擁壁は、隣家との間に設置するものですが、それをどちらかの敷地内ではなく境界線上につくる場合は、どちらか一方だけが費用を出すのではなく、折半をすることになる場合もあります。
境界線上に擁壁がある場合は、設置するときだけではなく、耐用年数が近くなり、補修が必要になったときにも、お互いがどのように費用を出すかの問題が起こる可能性もあります。
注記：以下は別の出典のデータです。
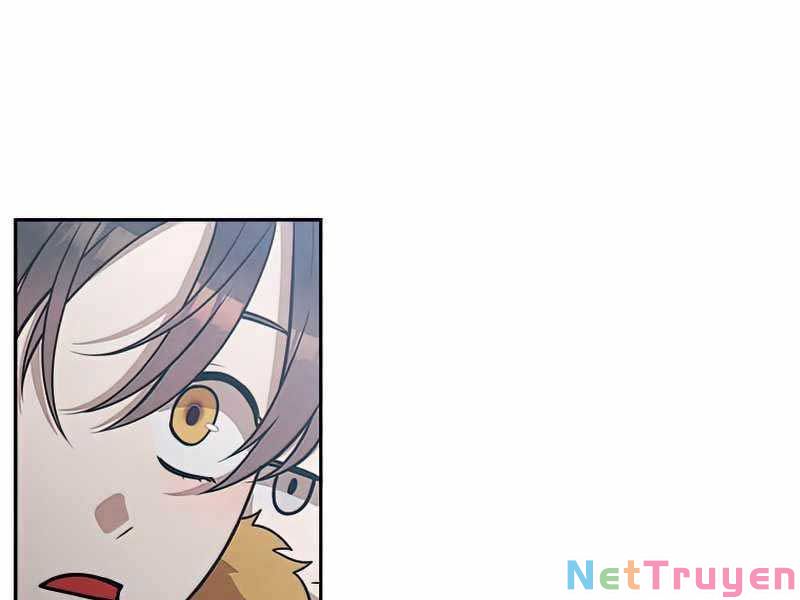 Con Trai Út Huyền Thoại Nhà Hầu Tước Chap 30 - Next Chap 31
特に、中古物件を購入する際には、擁壁が境界線上にあるのかどうかということも事前に不動産会社に確認をしておくとよいでしょう。
擁壁にも種類がある!それぞれの特徴
擁壁というと、コンクリートでできている同じような壁のイメージがあるかもしれませんが、擁壁にもいくつかの種類があります。
●RC造擁壁(コンクリート)
コンクリートと言っても、無筋コンクリートと鉄筋コンクリートのものがあります。
そのなかにも、逆T字・L型・逆L型・重量式・もたれ式などと構造の違いがあり、立地条件に合う形で設置されています。
●間知ブロック擁壁
ブロックを使用している擁壁で、高低差の大きい場所に設置されます。
基準によっては5mほどの高さまでの擁壁を設置することが可能です。
●空石積み擁壁
石やコンクリートブロックを積み上げた簡単な構造の擁壁です。
造園用などのような高低差の少ない土地で設置されることが多くなっています。
強度が弱いため、1.5m以上の高さにするのは危険とされ、設置するとしたら対策が必要になります。
●大谷石積み擁壁
大谷石でつくられている古い構造の擁壁のため、風化や劣化が激しいことから、建て替えをする必要があるとされています。
空石積み擁壁や大谷石積み擁壁などのように、建築基準法の施行前につくられたものは、不適格擁壁とされています。
中古物件などでそのような擁壁が設置されている場合は、擁壁の改修工事費用も買い手が負担する必要がある可能性もあります。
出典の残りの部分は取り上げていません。